Seu processo de criação, imagino, é bem livre. Atualmente, você se sente em um momento produtivo? Tem composto?
Sempre saem temas novos. Se eu lembrar do tema algum tempo depois é porque é especial. Vou selecionando e dando atenção aos que gosto mais, e assim vai... tipo repescagem. A questão do fator climático exerce bastante influência sobre minha inspiração e produção. O período do outono e da inversão são os mais favoráveis. Em minha opinião, o "tempo bom" do ano chegou! 

De modo geral, o jazz manouche é um estilo estacionado, datado, como aquela sonoridade típica da Jovem Guarda?
A maioria das pessoas associa o jazz manouche diretamente ao estilo hot club. Porém, com a fusão de gêneros e de muita gente, o manouche de hoje é bem mais amplo. Vale a pena "abrir" os ouvidos, pesquisar. Há diversos trabalhos pra lá de interessantes. 

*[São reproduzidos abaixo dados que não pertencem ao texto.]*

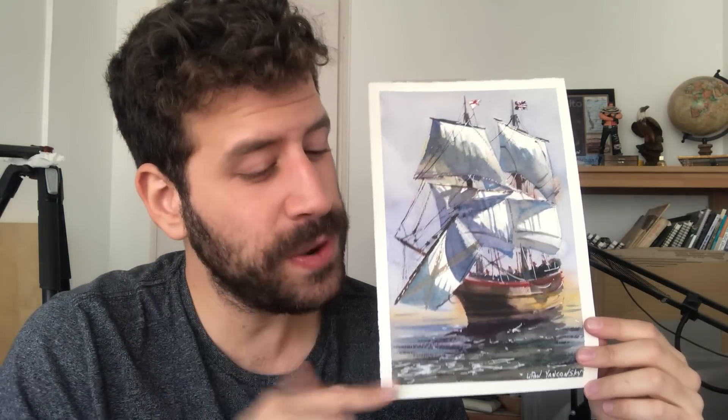What's up? Liron here. Thank you for joining me in another video. In this one, I'm going to show you how I painted this beautiful, lovely scene.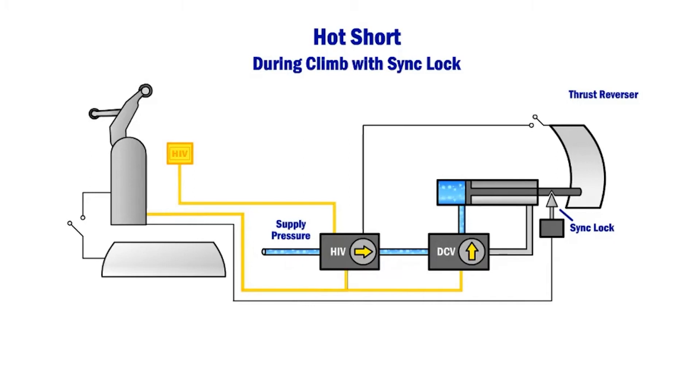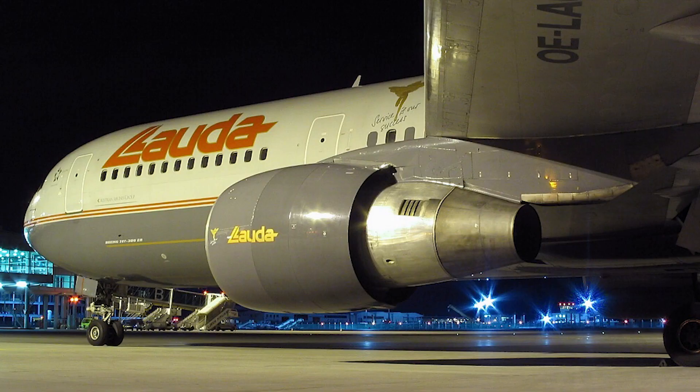Since the added third locking system is completely physically and functionally isolated from the HIV and DCV circuits, common wire faults would not affect all three systems.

Qual é a cara do manouche hoje em dia?
Ao mesmo tempo, regional e universal!

Veja a seguir Mauro Albertt tocando Fogo y Agua.

Comentários

  1. Mauro Albertt é o meu compositor preferido de jazz manouche. Gosto de todos os seus cds, com belos temas. Ouvi de várias pessoas no Festival de Piracicaba (que não são conhecedores do manouche) sobre a originalidade do som do Mauro. Ele é, além de grande compositor, um músico de técnica apurada e um cara muito legal! Um grande parceiro nesta árdua batalha do gypsy no Brasil. Desde 2008, tenho acompanhado com muito interesse tudo o que diga respeito a gypsy jazz. Gosto muito das abordagens originais do manouche que têm acontecido por aqui, como, além de Albertt, a de Bina Coquet (em seu belo cd solo, com temas autorais e de choro e samba), e a de Ernani Teixeira (com o Hot Jazz Club no Festival de Inverno de Piracicaba, a aplicação do manouche em vários temas eruditos de Mozart, Bach, etc). Mas vejo interpretações mais tradicionais e excelentes como Jazz Cigano Quinteto e Hot Club do Brasil. No cenário internacional, também aprecio um gypsy jazz diferente do Django: Robin Nolan (com rock do ACDC), John Jorgenson (temas autorais), Dario Nápoli e Gonzalo Bergara (linguagem mais moderna), Tcha Badjo (com dois fantásticos violonistas, Charles e Damien, e o baixo e vocal especial do Johnny. Mas fico encantado ao ouvir um jazz manouche "old school" como o de Fappy Lafertin. E nos shows e cd's de virtuosos violonistas como Stochello, Mozes, Angelo, Paulus, percebo uma técnica impecável e uma abordagem individualmente original, apesar de ser mantida (e gosto disso) a tradição cigana. Nos cafés da França, não acho que ocorra mera cópia do Django. A nova geração dos violinistas de nível alto busca sempre colocar novos ingredientes, do jazz moderno à música brasileira. Os cd's sempre têm temas autorais, embora um outro ainda sejam do Django. Acho que as gig's é que mantém sempre os mesmos temas (talvez até pra facilitar as sempre frequentes jams sessions). Parabéns pela excelente entrevista, Henrique!